Neapolitan Bean Bisque
- 1/2 cup chopped onion
6 large cloves garlic, cut in halves
1 tablespoon olive oil
1 teaspoon dried rosemary leaves
1/2 teaspoon dried thyme leaves
2 (15-ounce) cans Great Northern or navy beans, rinsed and drained
4 cups reduced-sodium vegetable broth
1 tablespoon balsamic vinegar
1/2 teaspoon salt
1/2 teaspoon pepper
1/2 cup frozen spinach
3 to 4 tablespoons basil pesto
1/4 cup roasted red bell pepper
Parmesan cheese curls, as garnish
- Sauté onion and garlic in oil in
large saucepan until tender, about 5 minutes; stir in herbs and
cook 1 to 2 minutes. Stir in beans, broth, vinegar, salt and
pepper. Heat to boiling; reduce heat and simmer 5 minutes.

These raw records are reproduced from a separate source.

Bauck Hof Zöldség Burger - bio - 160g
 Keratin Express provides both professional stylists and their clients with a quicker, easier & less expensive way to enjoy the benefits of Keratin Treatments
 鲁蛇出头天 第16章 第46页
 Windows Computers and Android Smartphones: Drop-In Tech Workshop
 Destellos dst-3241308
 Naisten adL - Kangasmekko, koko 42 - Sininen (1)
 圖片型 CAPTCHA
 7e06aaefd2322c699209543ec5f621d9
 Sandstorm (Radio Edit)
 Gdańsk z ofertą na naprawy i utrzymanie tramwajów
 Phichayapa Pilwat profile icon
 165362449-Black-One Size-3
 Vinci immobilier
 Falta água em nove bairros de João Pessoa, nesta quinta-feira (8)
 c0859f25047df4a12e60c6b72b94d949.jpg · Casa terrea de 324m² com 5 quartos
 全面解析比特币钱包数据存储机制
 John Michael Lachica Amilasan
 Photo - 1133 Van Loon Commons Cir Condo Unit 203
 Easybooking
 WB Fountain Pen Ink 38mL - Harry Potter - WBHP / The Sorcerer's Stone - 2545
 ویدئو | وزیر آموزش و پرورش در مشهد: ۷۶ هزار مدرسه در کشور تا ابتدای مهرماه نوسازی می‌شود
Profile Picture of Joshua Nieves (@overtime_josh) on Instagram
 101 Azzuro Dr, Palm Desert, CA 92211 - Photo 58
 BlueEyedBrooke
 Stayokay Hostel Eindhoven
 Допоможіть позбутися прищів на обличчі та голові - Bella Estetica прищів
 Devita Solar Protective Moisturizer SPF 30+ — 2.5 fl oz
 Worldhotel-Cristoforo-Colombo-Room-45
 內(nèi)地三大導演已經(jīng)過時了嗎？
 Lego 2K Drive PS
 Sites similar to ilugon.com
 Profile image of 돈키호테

- Puree half the soup (about 2 1/2 cups)
in blender with spinach and pesto until smooth; place in small
saucepan. Puree remaining soup in blender with roasted pepper
until smooth; return to saucepan.
- Heat both soups over medium heat until
hot. Ladle both soups into bowls simultaneously; swirl lightly
with knife. Garnish with Parmesan cheese.
Makes 6 servings (about 1 cup each).
Nutrient Information Per serving: Calories
181; Fat 6g; % Calories from Fat 27; Potassium 558mg; Carbohydrate
29g; Folate 139mcg; Sodium 717mg; Calcium 101mg; Protein 9g;
Dietary Fiber 8g; Cholesterol 1mg
Recipe provided courtesy of The Bean Education
& Awareness Network.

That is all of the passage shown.